Jim answers questions from fellow Drillers
(More questions with answers here, Work Overview here, Index of concepts here)

Topic Overview

Hi again folks, Jim Novo here.

OK, here’s a bit of a tough one – what if while investigating customer retention problems you find out that customer defection is highly correlated to specific salespeople or marketing programs? What if I told you this correlation is pretty common – but unrecognized, because hardly anybody goes looking for it? And if found, find trouble doing something about it?

Two issues – you can try to predict / save a customer in the process of defecting, and / or you can hunt down / fix the source of the defection – why is it happening in the first place?

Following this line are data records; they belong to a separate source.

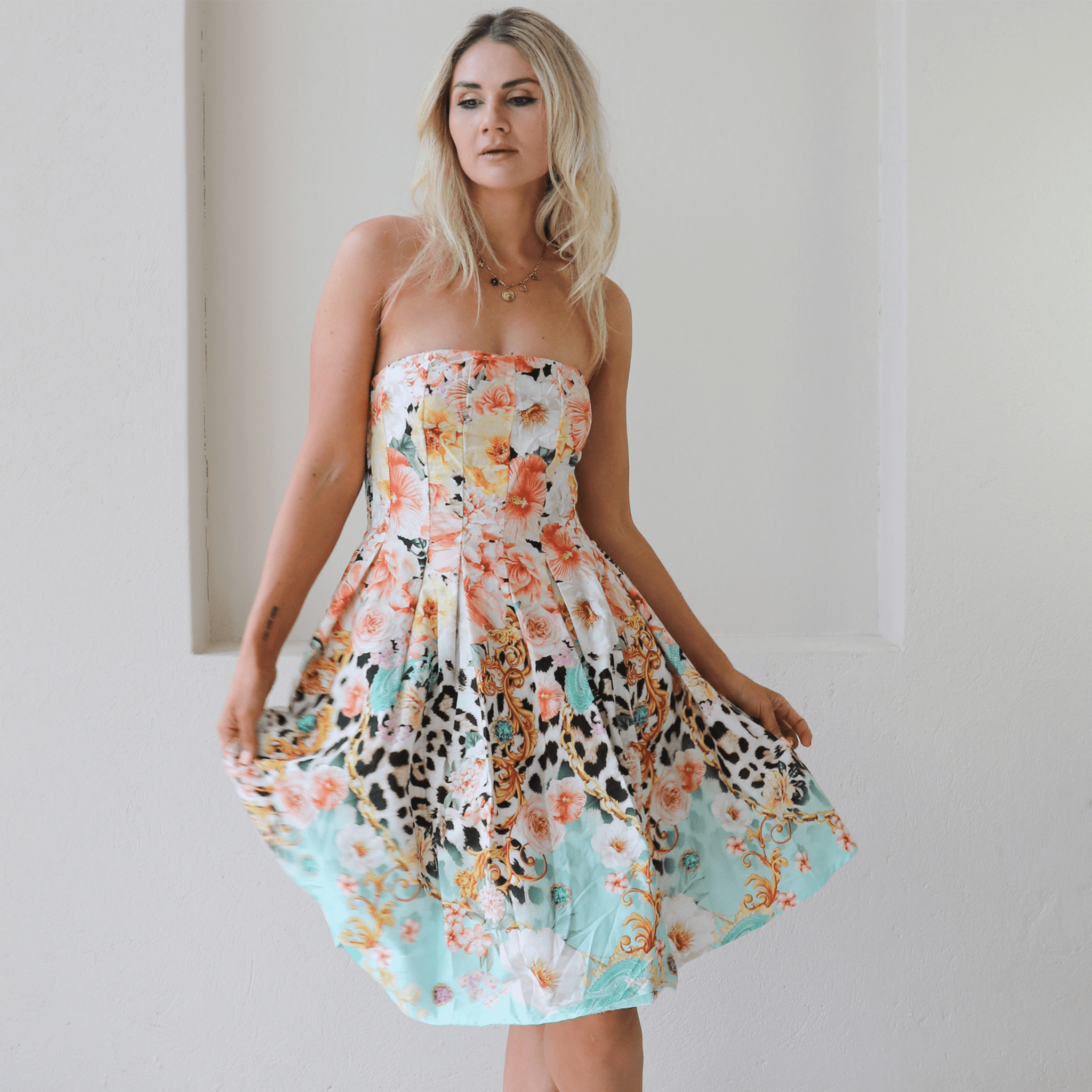 COSETTE SOFT COTTON BUSTIER DRESS SET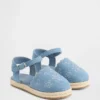 Sandalias tipo alpargatas para niños pequeños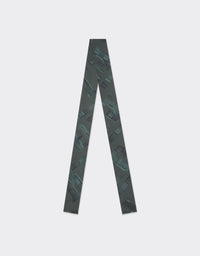 Foulard unisexe Twilly avec logo Ferrari en soie - Grigio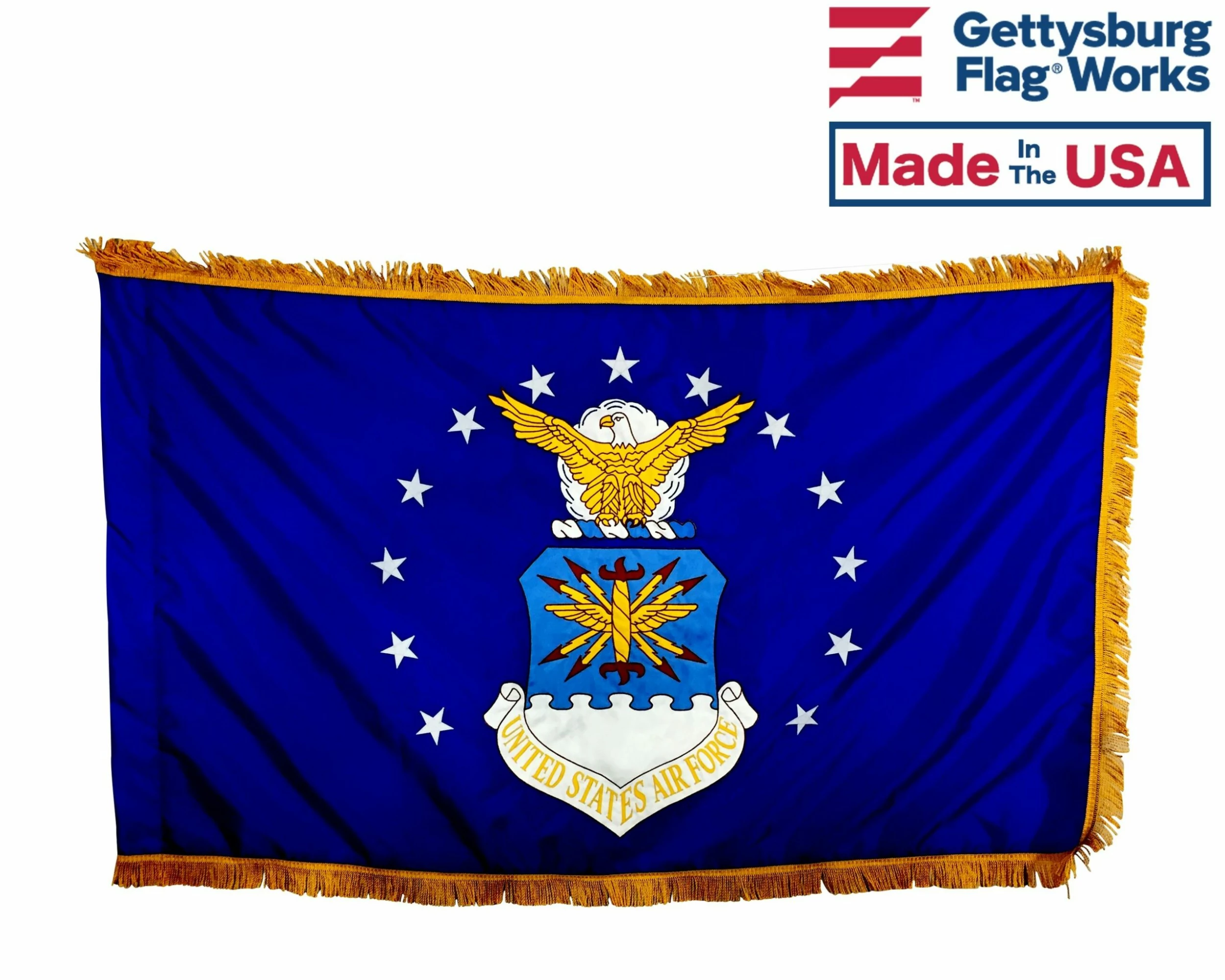 U.S. Air Force Applique Flag, 3x5 1 U.S. Air Force Applique Flag, 3x5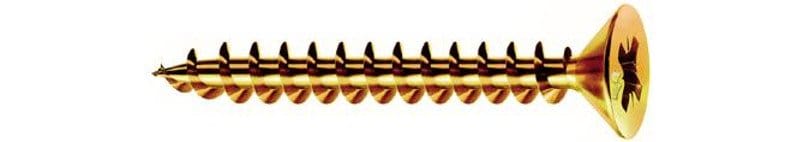 Mustad VITE PANELVIT TESTA SVASATA PIANA TAGLIO CROCE TROPICALIZZATA mm 4 x 30 Mustad (2495832)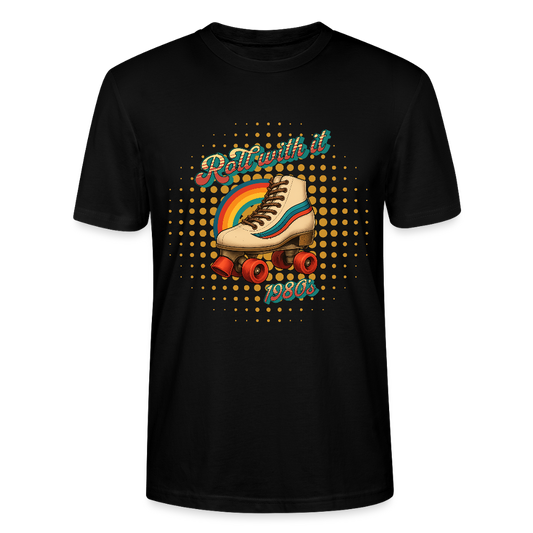 Roll with it – 80s Vibes - Stanley/Stella Unisex T-Shirt CRAFTER - Schwarz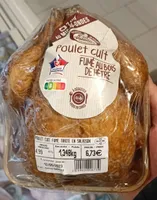 Poulet cuit fumée au bois de hêtre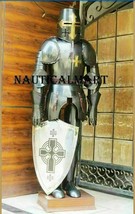 Medieval Wearable Suit Of Armour Christmas Day Gift Templar Crusader Costume - $721.99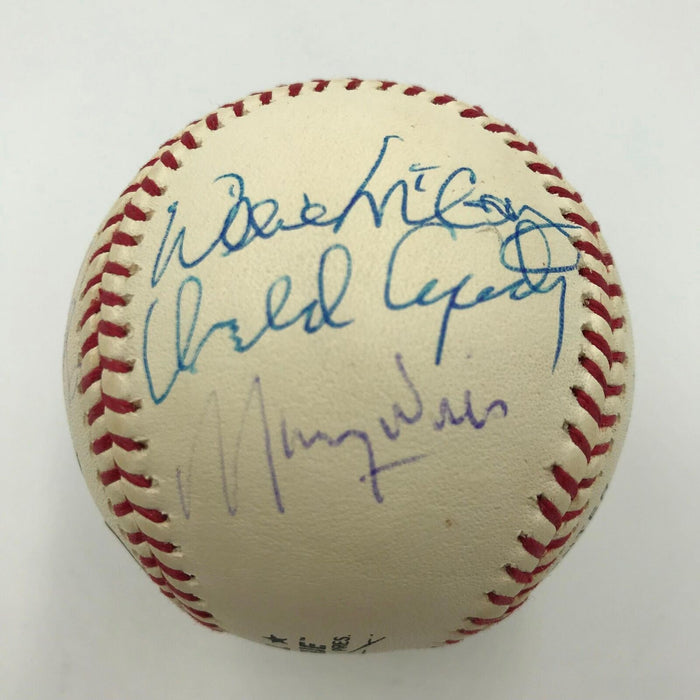 Rare Hank Aaron Ernie Banks Stan Musial MVP's Signed Inscribed NL Baseball JSA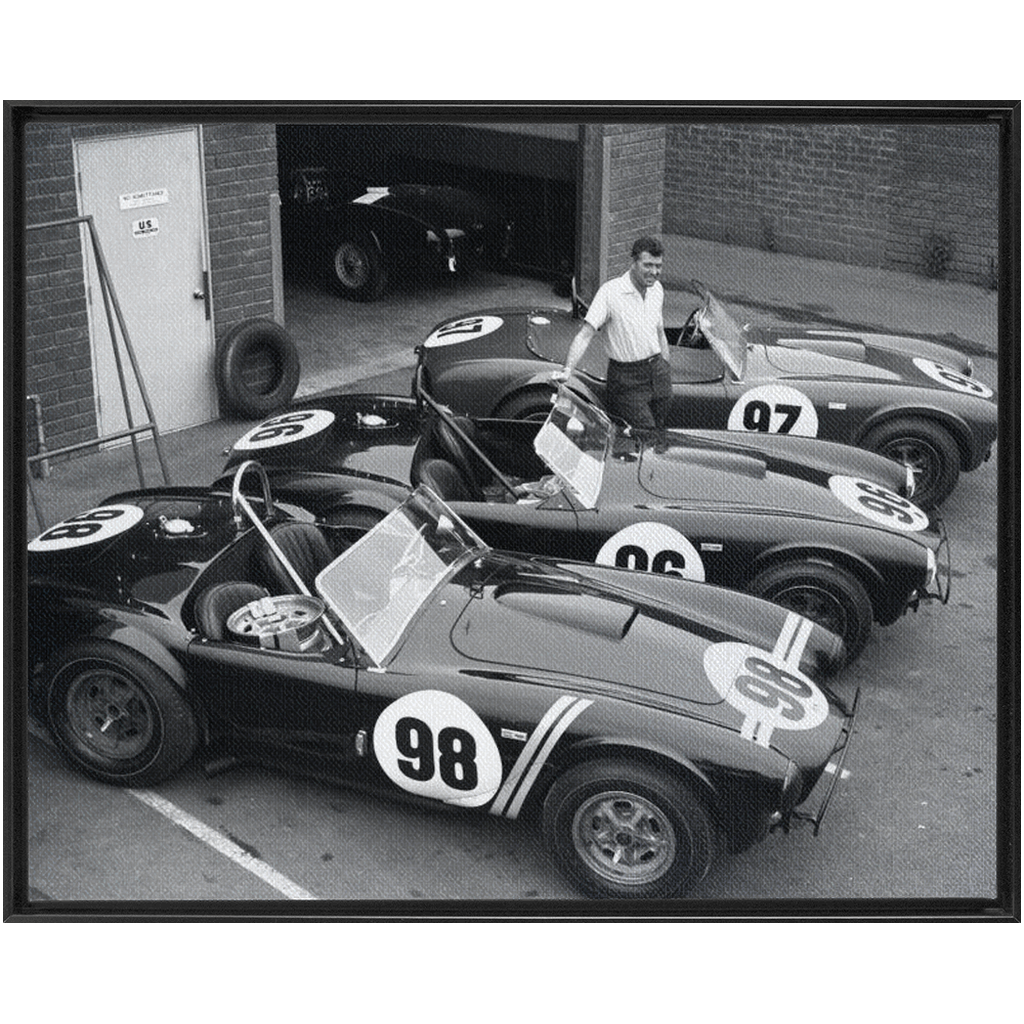 Shelby Roadsters Framed Traditional Stretched Canvas up to 48" x 60"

Welcome to the politics of customer retention – and make sure to put your Drillin’ shoes on …

Please note: XXX is a major cell phone provider…

Q:  I’m an XXX customer – I saw an ad for a new phone I wanted for $230.  I went in to the XXX store and asked for the phone – the clerk rang it up at $580!! I showed him the ad.  He said that price is for new customers and he could not give it to me at that price.  So it made me feel that XXX did not value my business.  I then cancelled with XXX service and have told about 10 people about this situation.

A:  Right, this is a pretty common problem with companies that don’t understand
customer retention.  They’re so focused on acquisition that they cause defection and that’s where a lot of the churn in that particular business comes from.  I’d chalk it up to totally clueless marketing management.  

The irony of this situation:  XXX used to be one of the “gold standard” 1-to-1 marketers in the good ‘ol days.

In the first place, companies should not “broadcast” these kinds of offers, because you understand the impact, the leverage, the “costs 5x as much to acquire a customer as retain one” and so forth. If you want to make offers like that, you try to use discrete channels – direct mail and so on, as opposed to newspapers or radio / TV. The strategic issue is people are defecting at such a high rate the company thinks they need to really drive acquisition to make up for it instead of concentrating on retention, which would be less costly and more profitable overall. But even worse, these aggressive acquisition programs are actually increasing the likelihood of customer defection!